Tilt Towards Return
November 11th - December 10th
Monaco is pleased to present Tilt Towards Return a solo exhibition of work by artist Lauren Pakradooni (Philadelphia), organized by all of the members of Monaco.
Tilt Towards Return was selected as the 2022 Monaco Open Call: Main Space Winning Exhibition.
Please join us for an opening reception Friday November 11, 2022 from 6 to 9 p.m with viewings available on Saturdays from 12 to 4 p.m. and by appointment.
For all inquiries and appointments please contact: Monaco at info@monacomonaco.us
BIO
Lauren Pakradooni lives in Philadelphia, PA. She received her MFA in Printmaking from Rhode Island School of Design and BA from Hampshire College.
Lauren Pakradooni is a multidisciplinary artist working across printmaking, sculpture, and sound. Her work reflects the tension between the natural and built world through glyphs in form, shape, and patterns.
Pakradooni has performed and exhibited work with Peep Space, The Print Center, Planthouse Gallery, Space 1026, Skylab, Bemis Center for Contemporary Art, Epsilon Spires, Cheymore Gallery, the University of Texas at Austin, and Leisure Gallery. She has been awarded residencies by Women’s Studio Workshop, Wassaic Project, and Kimmel Harding Nelson Center for the Arts.

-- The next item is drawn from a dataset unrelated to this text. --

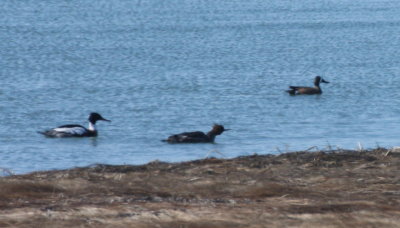 Blue-winged Teal  -  Duxbury Beach, MA  --  March 31, 2015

instagram: @kalanstrauss / website: kalanstrauss.com
For all inquiries and appointments please contact: Monaco at info@monacomonaco.us
Tilt Towards Return
Tilt Towards Return navigates the spaces between nature and the built world through systems of shape, pattern, and form created using methods of printmaking and sculpture. Pakradooni creates a lexicon of glyphs that cipher and diffuses the entanglement of image and ornament associated with plant life, considering the slippage between function and beauty. Reflecting on the deep historical relationship of print to the decorative arts, works engage with applications of print to textile and paper surfaces alike.
Working in the printmaking method of monotype, the surface of her 2D works is created through layers of transparent information, a logic shared by their sculptural counterparts through the use of translucent silks and physical voids in their forms. The world-building in this exhibition is a call and response of discrete and intertwined processes, in which iteration builds association and elaboration in the relationship between flat and dimensional works. The sculptures act as supports for printed fabrics and paper, disregarded prints are recycled into sculptural material, and prints reflect shape and form within the sculptures themselves. These rhythms of symbiosis and separation are emphasized in reflection and removal in which elements are repeated, lost, or elaborated over individual works.